**GOAL OF THE EXERCISE**
Could you restate word for word only the lines below from the one holding "サンタは秘密を保知っている ショットグラス (左)" to the one holding "Fachada Condomínio Caapuã", inclusive, and leave out the pictures?

**INFORMATION**
^^^^^^^^

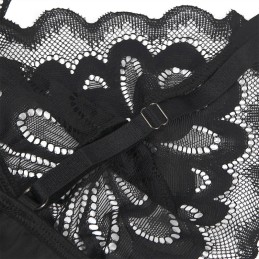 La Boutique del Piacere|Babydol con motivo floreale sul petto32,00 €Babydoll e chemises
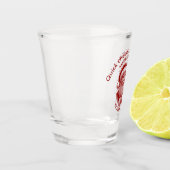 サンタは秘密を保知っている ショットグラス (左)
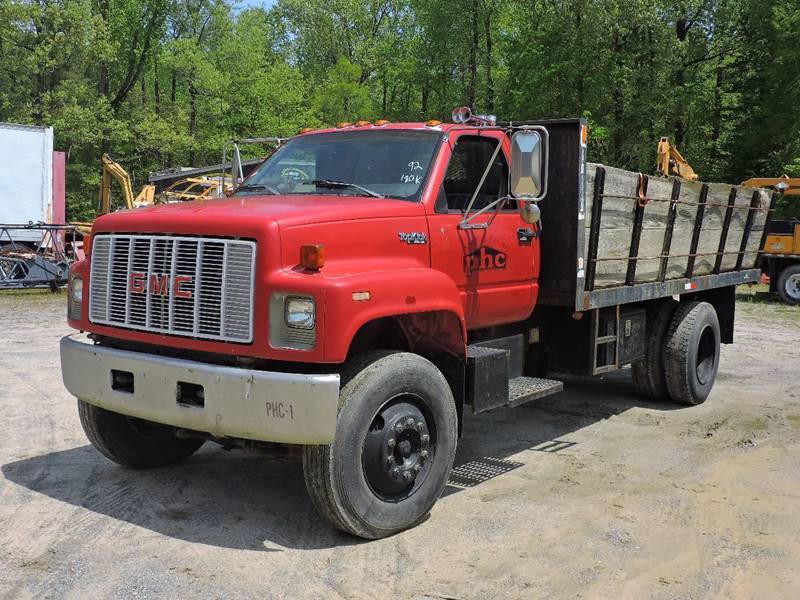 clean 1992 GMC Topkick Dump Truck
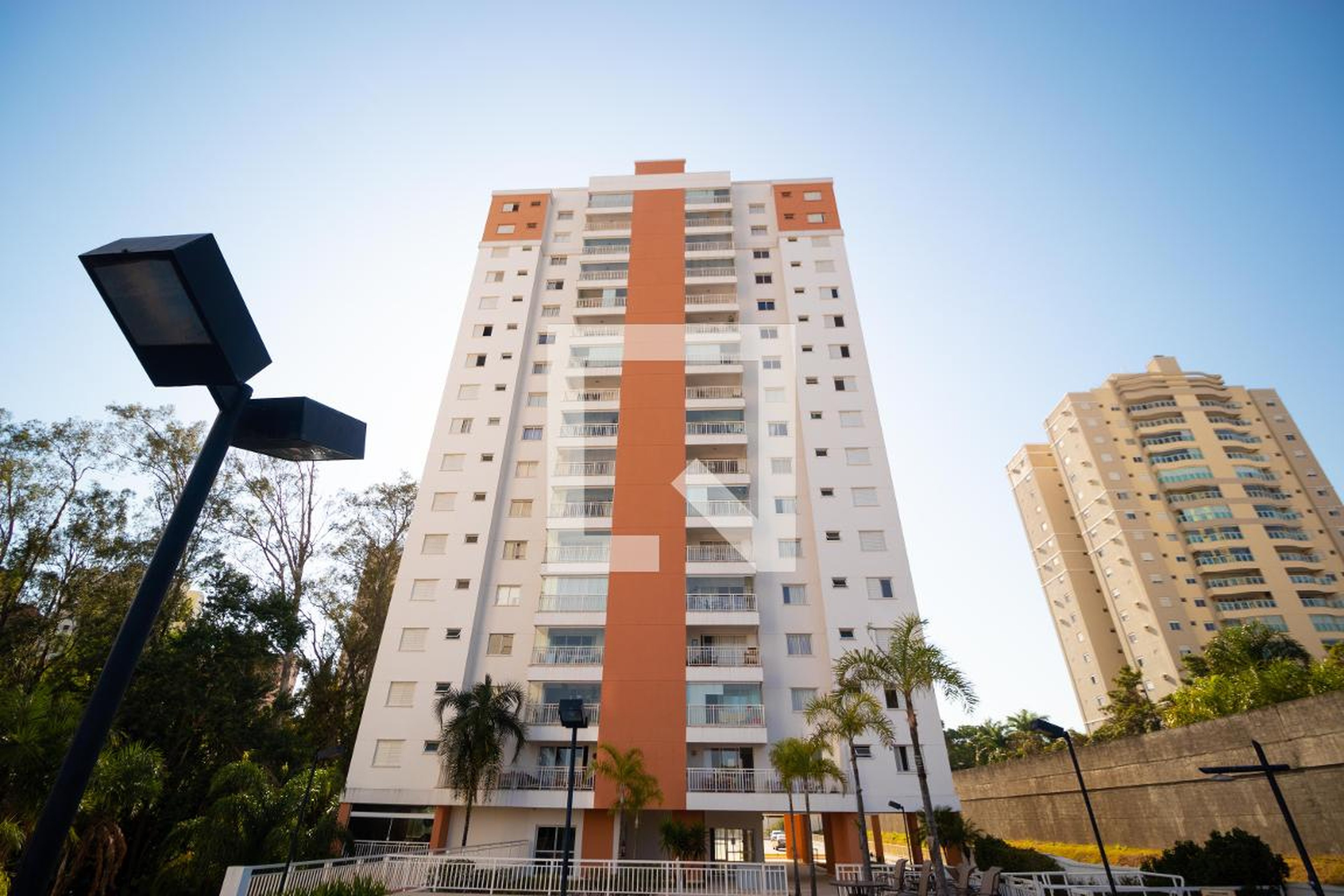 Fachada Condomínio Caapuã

^^^^^^^^

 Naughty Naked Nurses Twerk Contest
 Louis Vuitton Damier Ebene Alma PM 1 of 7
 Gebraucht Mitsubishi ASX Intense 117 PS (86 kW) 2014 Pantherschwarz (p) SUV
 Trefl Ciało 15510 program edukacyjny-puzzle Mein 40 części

^^^^^^^^

**RESULT OF THE EXERCISE**
 サンタは秘密を保知っている ショットグラス (左)
 clean 1992 GMC Topkick Dump Truck
 Fachada Condomínio Caapuã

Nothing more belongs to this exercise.